Students employed by EMC are working on monitoring computer security, and students who will be employed by Intel will be optimizing Purdue's NEMO 3-D scientific visualization software to run on Intel's Xeon Phi coprocessor.

Gerry McCartney, Purdue University's CIO, vice president for information technology and Olga Oesterle England Professor of Technology, says the HP Satellite Discovery Lab is the first of what he hopes are many such partnerships.

“HP has worked hard to help make the launch of this program a success, and we would not have been able to do this without their efforts and insights,” McCartney says. “This program brings important benefits to both our partner companies and our students, and we hope other tech companies follow the lead of HP and the other charter companies in playing an active role in our students' education.”

HP is one of five companies that are a part of Purdue's Foundational IT Partners Program, and recently partnered with Purdue to build Conte, the nation's fastest campus supercomputer.

Janice Zdankus, vice president of Enterprise Group Quality and Knowledge Management, and HP's Executive Sponsor for Purdue, says that Purdue's HP Satellite Discovery Land and the Purdue Pathmaker program are great opportunities to further students' education using the HP Moonshot and SDN technologies.

“The technology industry continues to progress at a breakneck pace due to the growth of mobility, big data, and cloud computing, and in order to remain competitive we need a workforce that can help build the datacenter of the future,” Zdankus says. “This partnership provides students with the opportunity to expand their skill set by conducting real-life workloads on HP Moonshot servers and exposes them to new technologies under development.

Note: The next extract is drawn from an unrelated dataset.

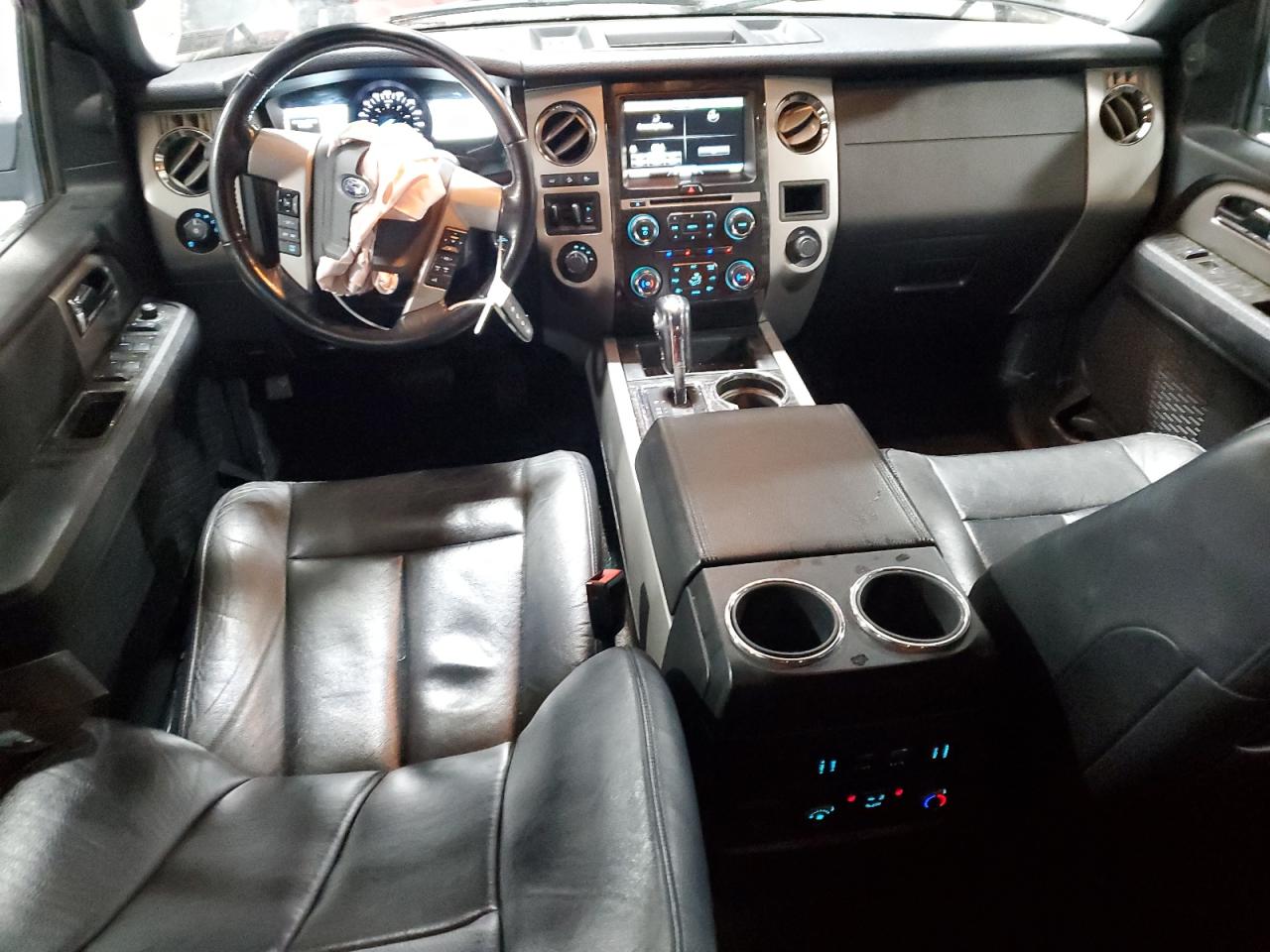 2015 Ford Expedition - Image 8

This encourages a passion for a career in engineering at HP.”

Rachel Pereira, a senior majoring in electrical and computer engineering from the Chicago suburb of Bartlett, Ill., says the Purdue Pathmaker experience benefits her now as a student, and she expects those benefits to continue later into her professional career.

“Everything I'm learning here relates to what I do at school and in class,” she says. “I really enjoy what I'm working on, and I want it to become a full-time career. I would definitely recommend this program to other students. It's a unique opportunity, being able to work part-time at school and to work on such innovative products. Not many students have an opportunity like this, so anyone who is in the program is really fortunate.”